=== Assignment ===
Starting with the line with "닭은 얼마나 똑똑할까?" in the entries below and going on through the line with "Frio e geada", output every line exactly and nothing more. No pictures.

[Stored data entries]
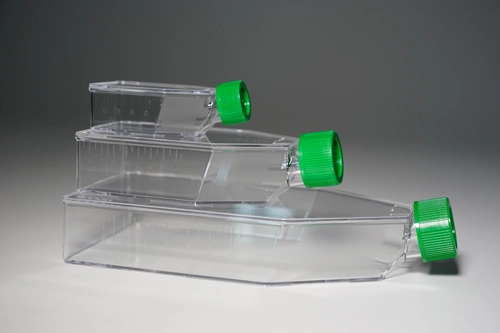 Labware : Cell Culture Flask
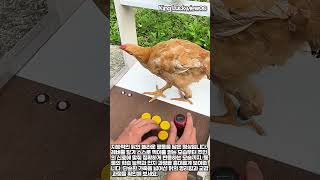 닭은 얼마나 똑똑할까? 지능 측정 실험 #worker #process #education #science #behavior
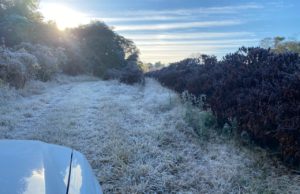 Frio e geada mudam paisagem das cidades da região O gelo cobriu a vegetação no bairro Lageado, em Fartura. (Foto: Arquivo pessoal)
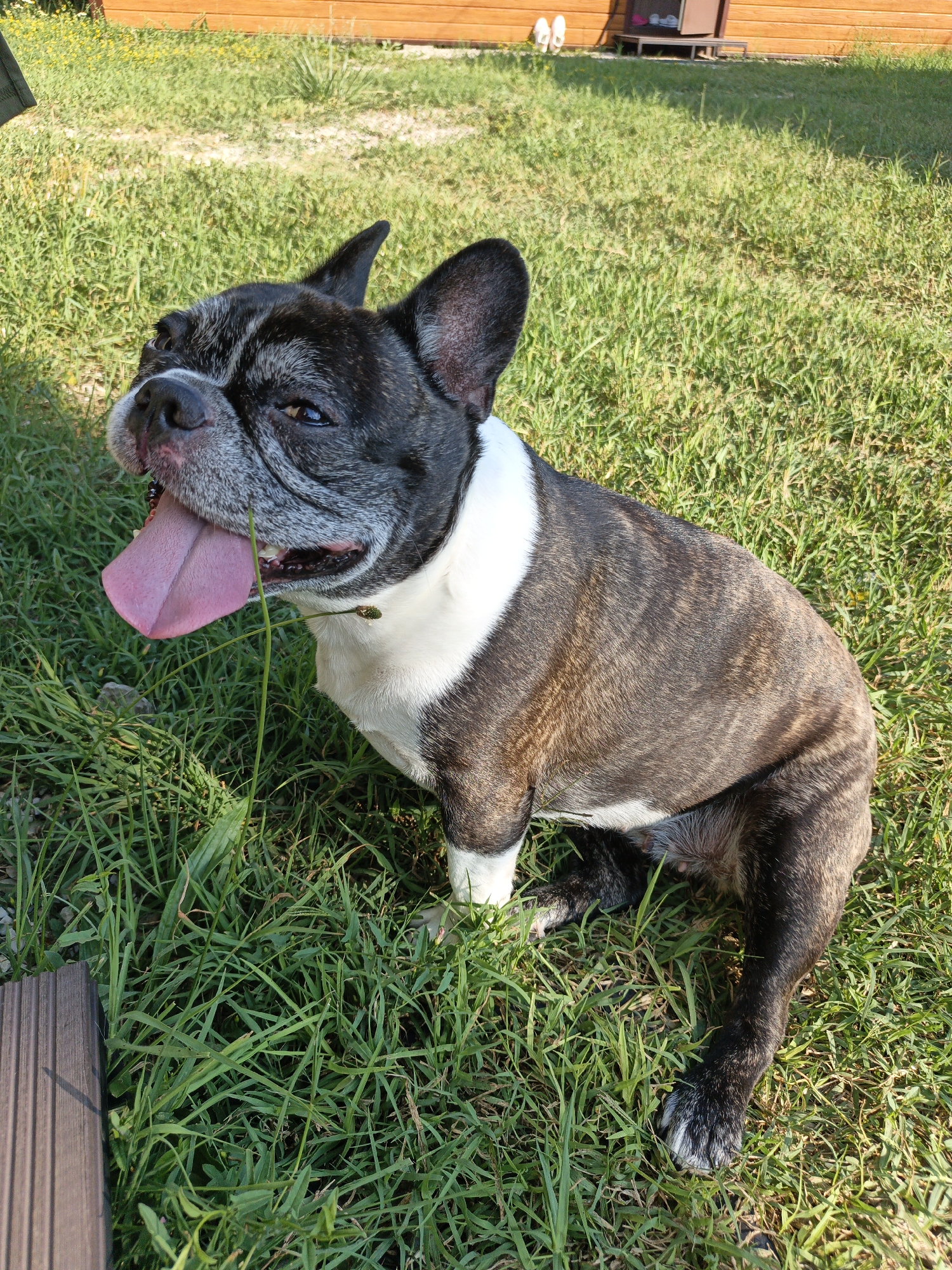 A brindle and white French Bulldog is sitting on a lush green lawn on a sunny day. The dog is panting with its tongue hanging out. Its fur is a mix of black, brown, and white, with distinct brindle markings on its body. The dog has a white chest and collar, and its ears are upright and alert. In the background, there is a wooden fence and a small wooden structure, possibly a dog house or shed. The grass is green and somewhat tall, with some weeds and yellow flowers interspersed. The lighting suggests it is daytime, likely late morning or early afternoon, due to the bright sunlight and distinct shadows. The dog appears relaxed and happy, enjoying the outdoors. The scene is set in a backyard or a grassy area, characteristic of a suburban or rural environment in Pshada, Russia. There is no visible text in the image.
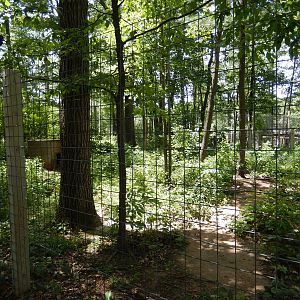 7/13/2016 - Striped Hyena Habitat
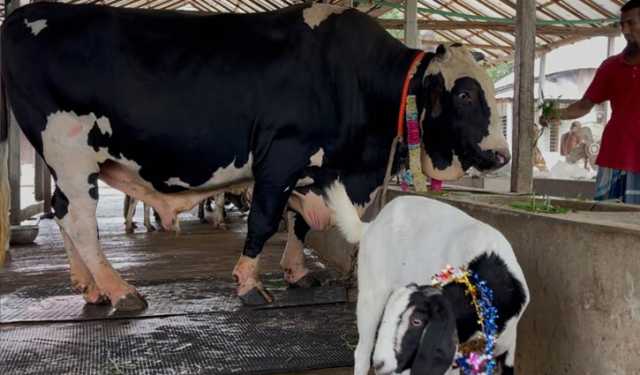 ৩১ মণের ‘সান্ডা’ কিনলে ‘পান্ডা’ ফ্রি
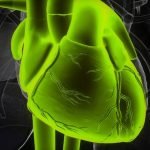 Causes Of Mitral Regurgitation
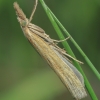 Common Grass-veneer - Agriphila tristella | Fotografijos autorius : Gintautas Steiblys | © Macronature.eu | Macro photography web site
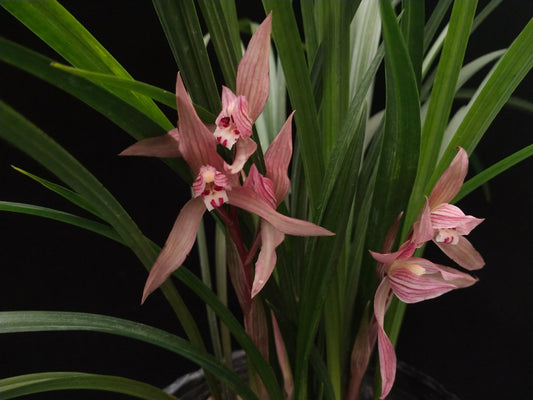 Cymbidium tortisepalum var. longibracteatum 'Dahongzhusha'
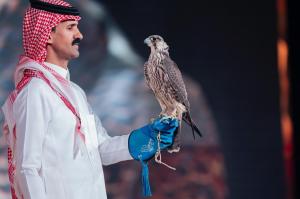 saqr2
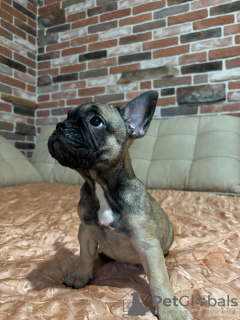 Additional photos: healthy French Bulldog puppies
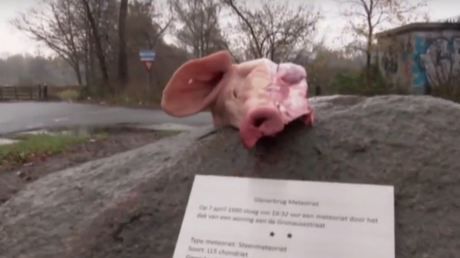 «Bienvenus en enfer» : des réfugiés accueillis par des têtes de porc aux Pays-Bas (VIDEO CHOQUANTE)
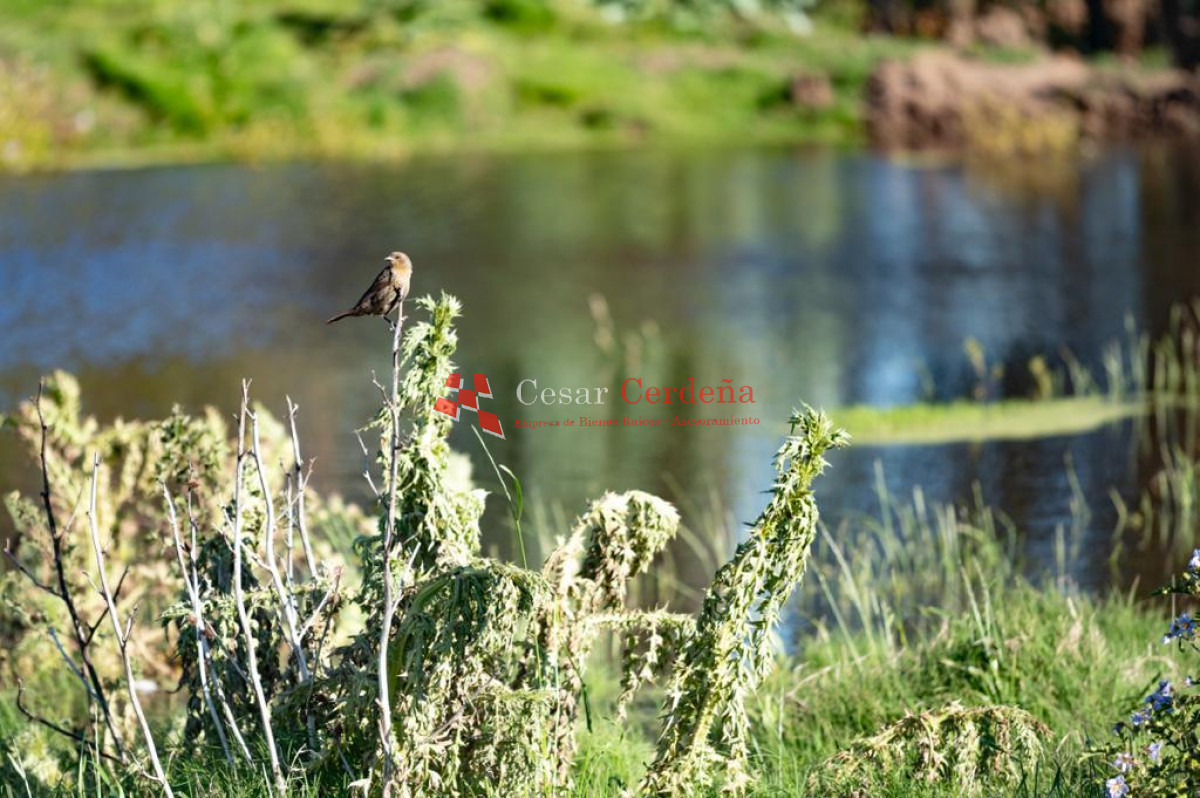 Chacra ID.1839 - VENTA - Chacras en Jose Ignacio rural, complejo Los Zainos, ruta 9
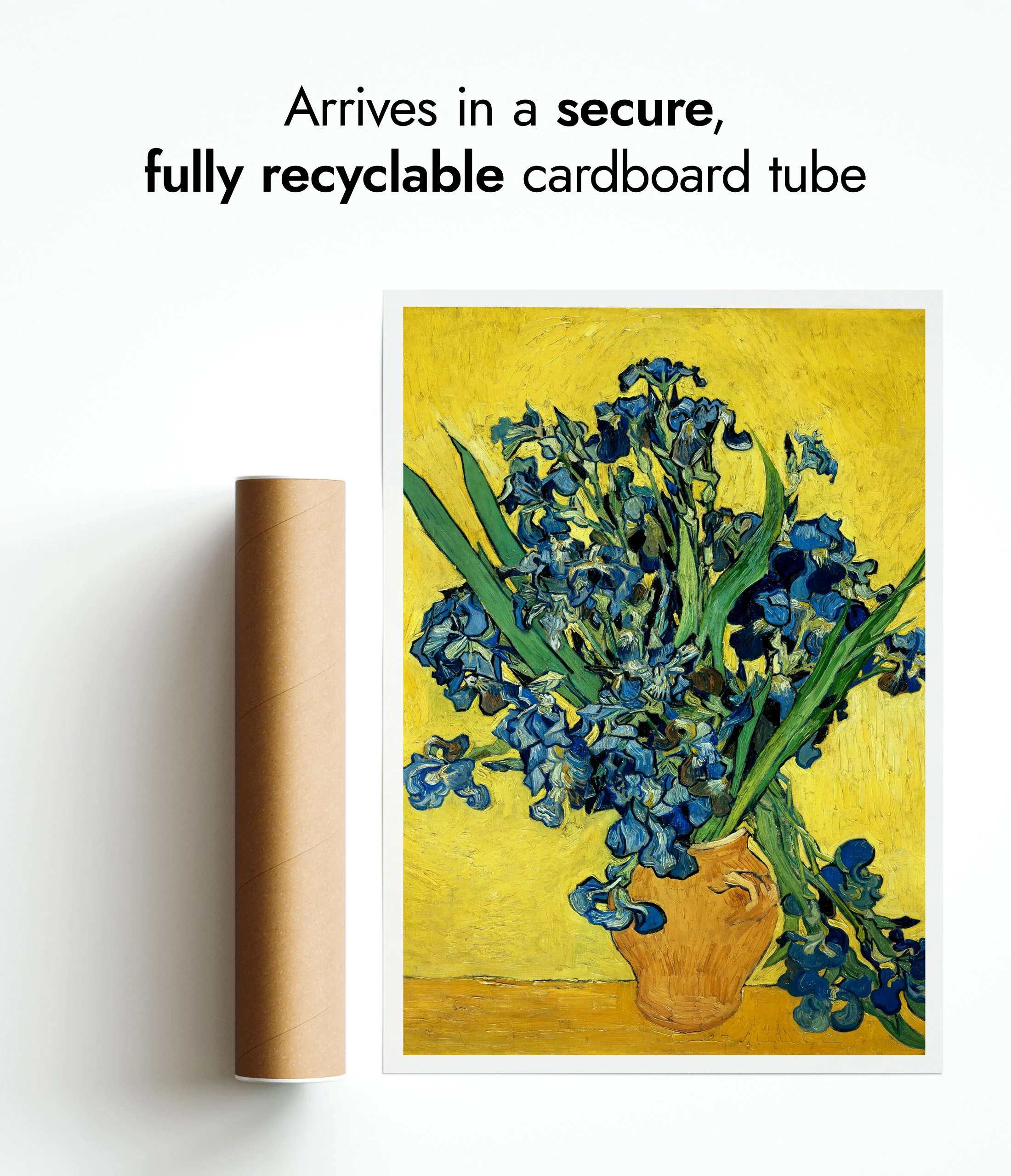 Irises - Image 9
--
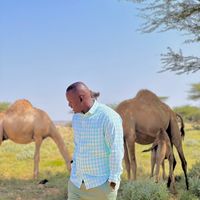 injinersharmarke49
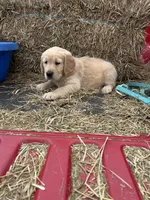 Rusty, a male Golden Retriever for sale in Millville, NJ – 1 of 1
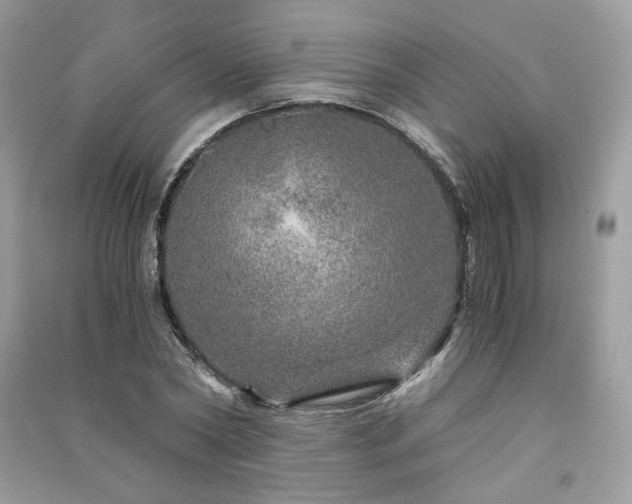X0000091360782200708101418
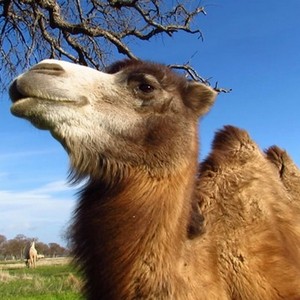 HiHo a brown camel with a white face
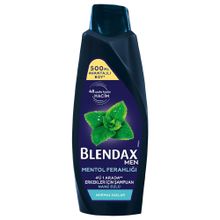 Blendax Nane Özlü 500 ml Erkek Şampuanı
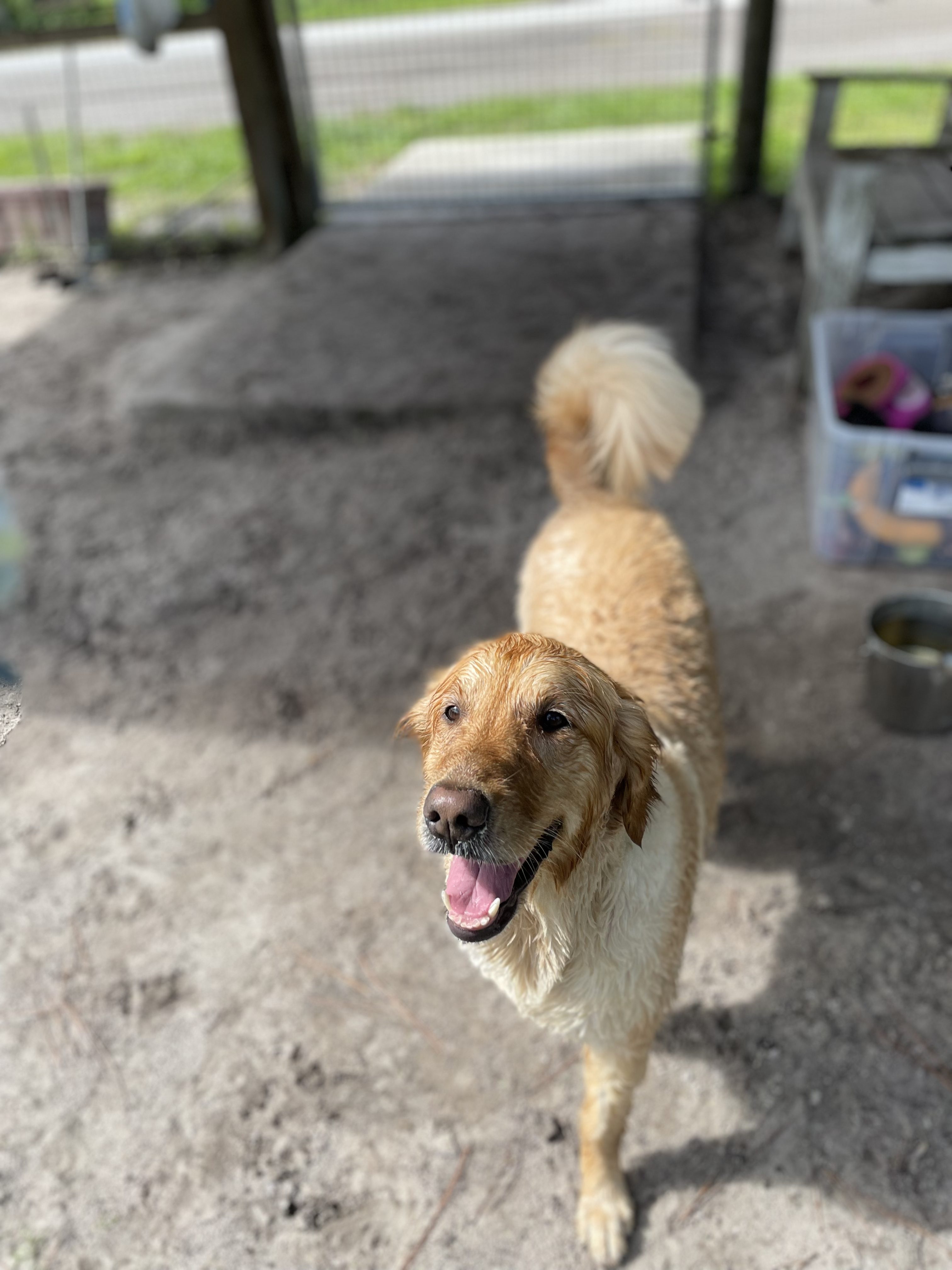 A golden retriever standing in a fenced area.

=== Your response ===
 닭은 얼마나 똑똑할까? 지능 측정 실험 #worker #process #education #science #behavior
 Frio e geada mudam paisagem das cidades da região O gelo cobriu a vegetação no bairro Lageado, em Fartura. (Foto: Arquivo pessoal)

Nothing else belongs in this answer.